# Wolf Springs



## Texas Gringo (May 10, 2010)

I bot. a Wolf spring pack for my officer and commander. Is the firing pin spring easy to replace? Is so where can I go for instructions?


----------



## zhurdan (Mar 21, 2008)

It's fairly easy to replace the firing pin spring. Here's an ok tutorial. Just make sure that you are wearing safety glasses the first time you do it and I also recommend that people do it the first time inside a cardboard box turned on it's side so in case you lose hold of it, the parts don't have far to fly. Trying to find a spring on the floor can be a time consuming effort. It'll seem like you need three hands to do it, but holding the slide in your left hand and using your thumb to disengage the firing pin safety is the easiest way I've found.

After making sure it's unloaded and stripping the gun down...
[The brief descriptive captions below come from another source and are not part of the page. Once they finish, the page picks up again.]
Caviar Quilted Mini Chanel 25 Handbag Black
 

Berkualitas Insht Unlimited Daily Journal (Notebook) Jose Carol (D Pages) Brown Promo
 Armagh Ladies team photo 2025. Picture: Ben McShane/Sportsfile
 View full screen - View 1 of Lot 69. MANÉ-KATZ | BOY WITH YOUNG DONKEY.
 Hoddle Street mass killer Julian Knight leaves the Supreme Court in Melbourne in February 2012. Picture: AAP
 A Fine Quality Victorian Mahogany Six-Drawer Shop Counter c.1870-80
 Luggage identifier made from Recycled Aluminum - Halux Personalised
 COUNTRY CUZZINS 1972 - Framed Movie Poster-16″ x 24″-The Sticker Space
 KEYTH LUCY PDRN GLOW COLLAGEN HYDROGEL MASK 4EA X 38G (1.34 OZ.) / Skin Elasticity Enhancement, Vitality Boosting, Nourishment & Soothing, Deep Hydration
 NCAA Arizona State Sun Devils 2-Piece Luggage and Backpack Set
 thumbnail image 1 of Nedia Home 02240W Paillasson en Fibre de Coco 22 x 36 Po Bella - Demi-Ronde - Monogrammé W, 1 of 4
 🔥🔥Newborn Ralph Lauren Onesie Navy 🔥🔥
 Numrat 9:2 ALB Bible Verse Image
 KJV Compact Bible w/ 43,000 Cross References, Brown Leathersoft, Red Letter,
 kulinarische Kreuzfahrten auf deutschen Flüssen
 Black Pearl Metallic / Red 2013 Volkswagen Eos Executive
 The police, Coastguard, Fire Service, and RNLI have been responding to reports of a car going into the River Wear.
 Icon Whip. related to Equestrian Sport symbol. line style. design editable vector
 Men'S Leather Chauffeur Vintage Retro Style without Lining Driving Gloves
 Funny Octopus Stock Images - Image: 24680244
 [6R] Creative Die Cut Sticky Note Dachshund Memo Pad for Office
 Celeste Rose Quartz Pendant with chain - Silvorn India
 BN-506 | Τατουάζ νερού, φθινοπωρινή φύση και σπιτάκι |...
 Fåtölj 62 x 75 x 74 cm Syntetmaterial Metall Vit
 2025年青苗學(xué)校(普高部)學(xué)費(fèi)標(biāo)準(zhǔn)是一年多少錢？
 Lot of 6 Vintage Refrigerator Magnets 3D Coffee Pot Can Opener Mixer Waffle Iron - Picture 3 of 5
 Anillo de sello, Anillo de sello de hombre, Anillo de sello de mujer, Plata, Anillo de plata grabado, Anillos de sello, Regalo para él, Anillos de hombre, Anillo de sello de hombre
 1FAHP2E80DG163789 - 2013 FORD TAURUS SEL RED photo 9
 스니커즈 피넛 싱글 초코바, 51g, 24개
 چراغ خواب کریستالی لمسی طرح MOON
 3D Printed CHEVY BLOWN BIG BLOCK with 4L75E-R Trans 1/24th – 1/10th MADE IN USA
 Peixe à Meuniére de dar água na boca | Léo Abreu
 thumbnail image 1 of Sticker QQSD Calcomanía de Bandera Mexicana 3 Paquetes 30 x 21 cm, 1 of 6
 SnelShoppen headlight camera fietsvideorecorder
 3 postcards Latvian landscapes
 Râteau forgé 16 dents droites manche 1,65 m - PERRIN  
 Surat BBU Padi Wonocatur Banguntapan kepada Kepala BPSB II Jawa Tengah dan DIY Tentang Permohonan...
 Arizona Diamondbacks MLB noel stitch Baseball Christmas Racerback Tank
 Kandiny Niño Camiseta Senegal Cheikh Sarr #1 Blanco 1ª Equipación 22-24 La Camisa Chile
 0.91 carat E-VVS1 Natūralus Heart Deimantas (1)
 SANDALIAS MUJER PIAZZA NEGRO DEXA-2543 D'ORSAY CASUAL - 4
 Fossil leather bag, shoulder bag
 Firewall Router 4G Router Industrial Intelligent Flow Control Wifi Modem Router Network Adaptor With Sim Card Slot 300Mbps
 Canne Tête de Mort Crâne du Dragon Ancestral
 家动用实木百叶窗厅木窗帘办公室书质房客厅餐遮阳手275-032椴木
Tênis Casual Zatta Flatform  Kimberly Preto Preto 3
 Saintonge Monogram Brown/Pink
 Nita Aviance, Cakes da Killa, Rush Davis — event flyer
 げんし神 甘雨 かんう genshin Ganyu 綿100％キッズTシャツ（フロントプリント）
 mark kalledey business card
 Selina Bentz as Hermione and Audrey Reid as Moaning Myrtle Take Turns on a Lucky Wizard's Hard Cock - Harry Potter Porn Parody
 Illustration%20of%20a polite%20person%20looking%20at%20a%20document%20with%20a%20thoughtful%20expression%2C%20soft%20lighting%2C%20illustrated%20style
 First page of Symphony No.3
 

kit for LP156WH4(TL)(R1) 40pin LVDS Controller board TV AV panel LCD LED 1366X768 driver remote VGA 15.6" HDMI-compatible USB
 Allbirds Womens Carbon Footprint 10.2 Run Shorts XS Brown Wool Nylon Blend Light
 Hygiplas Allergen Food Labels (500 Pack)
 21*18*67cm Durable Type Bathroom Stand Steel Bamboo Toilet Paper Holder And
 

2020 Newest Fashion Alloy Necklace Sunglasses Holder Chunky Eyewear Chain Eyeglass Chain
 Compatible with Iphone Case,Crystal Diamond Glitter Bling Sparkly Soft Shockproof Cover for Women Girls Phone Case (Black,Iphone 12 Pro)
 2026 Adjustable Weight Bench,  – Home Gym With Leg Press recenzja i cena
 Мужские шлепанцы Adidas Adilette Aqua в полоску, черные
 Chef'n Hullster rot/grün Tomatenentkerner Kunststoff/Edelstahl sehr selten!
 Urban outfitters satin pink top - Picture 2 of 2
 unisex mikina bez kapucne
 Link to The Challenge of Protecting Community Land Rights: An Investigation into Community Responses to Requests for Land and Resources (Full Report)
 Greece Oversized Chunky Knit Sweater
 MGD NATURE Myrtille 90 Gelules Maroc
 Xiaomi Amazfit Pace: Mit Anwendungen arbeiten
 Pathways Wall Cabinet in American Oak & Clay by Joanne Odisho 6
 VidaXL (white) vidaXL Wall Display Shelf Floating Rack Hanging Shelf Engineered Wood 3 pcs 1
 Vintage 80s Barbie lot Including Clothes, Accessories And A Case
Use a punch or something similar to depress the firing pin, push in on the firing pin safety until the firing pin goes past the firing pin stop, and slide the firing pin stop out of the way. This will be right about the time shit start flying across the room, so be careful.

Clean out the firing pin channel. Since you've got it broken down this far, slide out the ejector and clean and lube that area as well.

Reassemble in reverse order.

Pretty simple once you've done it a few times.

Good luck!


----------